# New RB26 Block



## blitzer_bhoy (May 26, 2007)

as above pm me


----------



## freakazoid3 (Jan 19, 2008)

If you get multiple offers, I’m on the hunt for one aswell


----------



## freakazoid3 (Jan 19, 2008)

Got a private message saying to contact some email adress for a new block, luckily I googled it first...
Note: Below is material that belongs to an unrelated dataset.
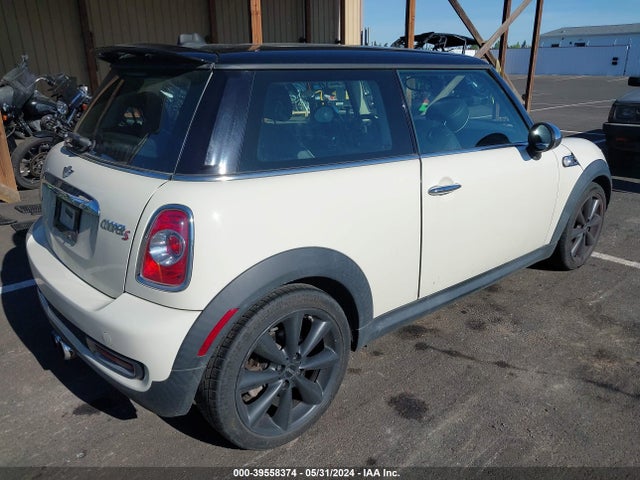 2011 MINI COOPER S WMWSV3C52BTY13969 Photo 3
Folks Of Interest - SCAM ALERT - Some Tips to Avoid


So I posed in the wanted section on the marketplace today and after a short time received a message from a user called andjack3572 that suggested I...




www.jalopyjournal.com


----------



## blitzer_bhoy (May 26, 2007)

They are being made again by Nissan under the Nismo Heritage programme


----------



## bhp (Sep 13, 2008)

freakazoid3 said:


> Got a private message saying to contact some email adress for a new block, luckily I googled it first...
> 
> 
> 
> ...


Yep be careful scammers are in full effect not just on this forum but generally all over the internet


----------



## gtrfan34 (Jun 4, 2008)

if you would like a gt500 block there is one newly listed on gumtree now but it is in sydney


----------



## Johnny R33 (Sep 11, 2020)

Oops posted twice. My Bad!


----------



## Johnny R33 (Sep 11, 2020)

Go over to Vividracing website, they are selling RB short blocks, I went that way. Bought the HKS RB Stroker engine. Keeping my OEM RB engine for rebuilding into another Godzilla heartbeat.


----------